- What the exercise asks
Every line below should be copied exactly; drop the pictures.

- Data block
=== Section Start ===

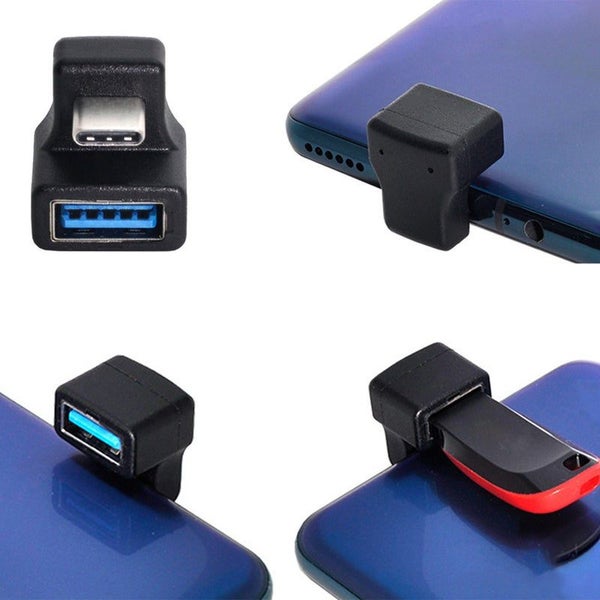 180 Degree Up Down Angled Type C Usb Female Extension Adapter For Cell Phone Tab Carousel 5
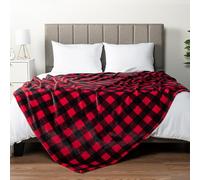 PAVILIA Black and Red Buffalo Plaid Fleece Bed Blanket Queen Size, Soft Checkered Flannel Blanket for Sofa, Plaid Christmas Couch Throw Bed, Warm Cozy Decorative Blanket Fall Decor Gift, 90x90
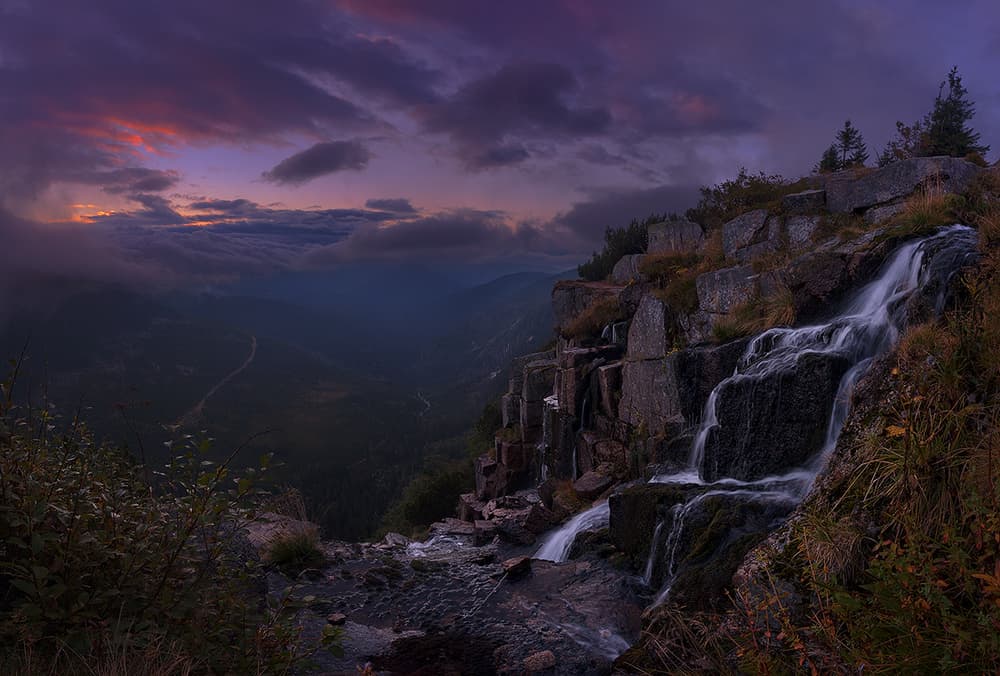 Mountain Waterfall Sunset by Lucjan Stoszko — canvas wall art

=== Section End ===

- Exercise result
 180 Degree Up Down Angled Type C Usb Female Extension Adapter For Cell Phone Tab Carousel 5
 PAVILIA Black and Red Buffalo Plaid Fleece Bed Blanket Queen Size, Soft Checkered Flannel Blanket for Sofa, Plaid Christmas Couch Throw Bed, Warm Cozy Decorative Blanket Fall Decor Gift, 90x90
 Mountain Waterfall Sunset by Lucjan Stoszko — canvas wall art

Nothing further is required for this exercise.